It was not Féval who chose to write The Mysteries of London, but Anténor Joly, editor-in-chief of the Courrier français, who commissioned the title from Féval, a young and impecunious writer. ‘You will call yourself Sir Francis Trolopp,’ he told the young author. ‘Success, you understand, depends entirely on the pseudonym. It’s a guarantee of local color. Come along, pen in hand, and be quick about it! We haven’t a minute to lose.’

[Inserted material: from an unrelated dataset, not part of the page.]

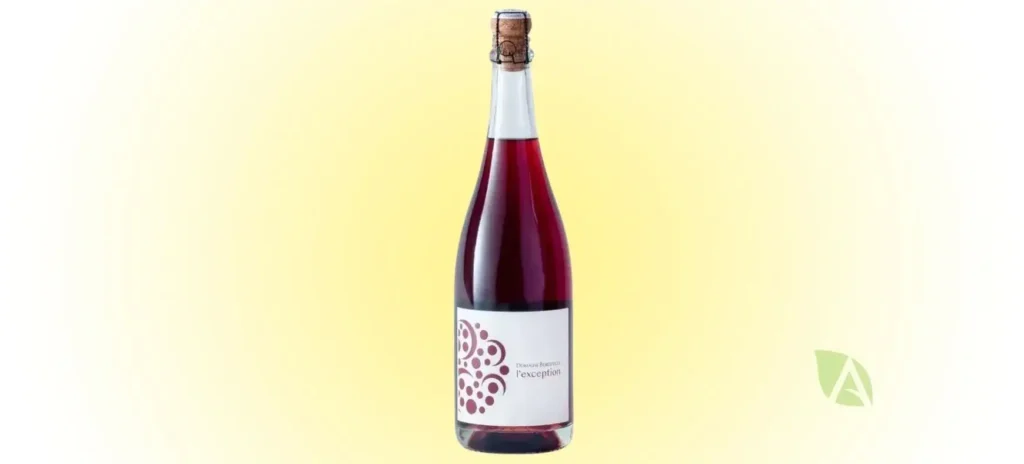 Bouteille de vin mousseux rouge l'Exception, du Domaine Bergeville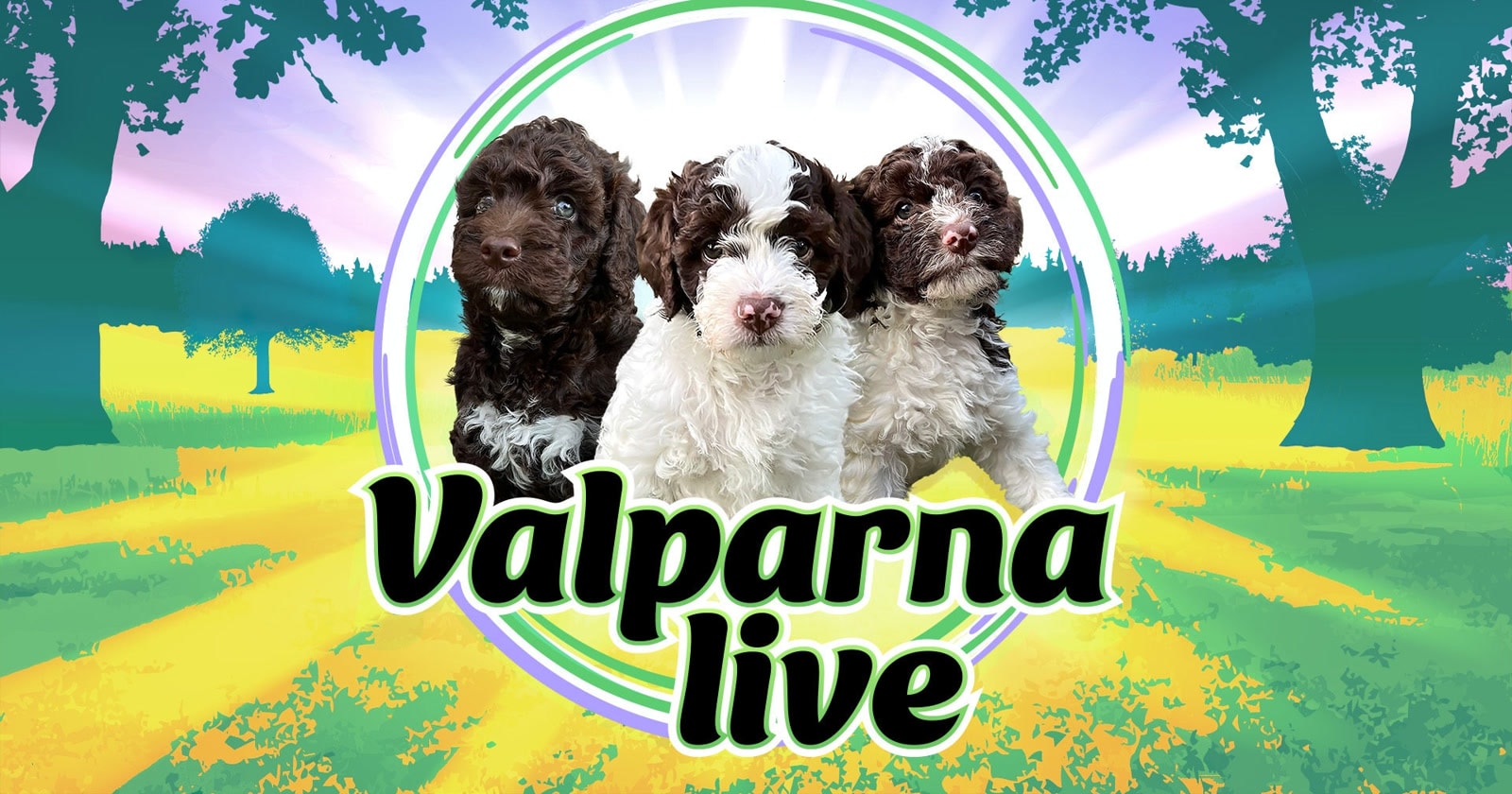 Valplive på SVT Play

In France, bestsellers of days gone by were adapted and reprinted for distribution to different markets well into the Third Republic, with writers and publishers “cutting [text], inverting episodes, amalgamating distinct texts and so forth.” This happy carnival of piracy seemed to have gone on without much notice of the heated debates on intellectual property of the Second Empire or the legislation that they culminated in towards the end of the century. As late as 1895, Eugène Chosson, in his detailed study of intellectual and artistic property, La Propriété littéraire, explained that “a writer only truly owns his ideas, when he does not publish them; the act of publication itself implies an inevitable passage out of the realm of ownership.” In the book Chosson established authors’ rights as a right of legal tenancy, or le droit de premier occupant. At a second remove, the text (pseudonymous, adapted) thus became, in line with this logic, “unclaimed space, ownerless property that anyone might come to occupy.” Rosemary Peters’ fascinating exploration of the precarious status of the author throughout these nineteenth century debates on literary property points to the way in which authorship functioned as a metaphor, or a set of interchangeable masks. Her metaphor of ‘the purloined text’ covers the range of practices (piracy, copying, adapting, pilfering) that together constituted a most fertile ground for the rise of the novel as a literary and commercial phenomenon in and across borders: the French ‘theft’ of the eighteenth century English gothic novel produced the mysteries, stolen in turn by the English, each strand shooting off in turn into a host of other trajectories and forms.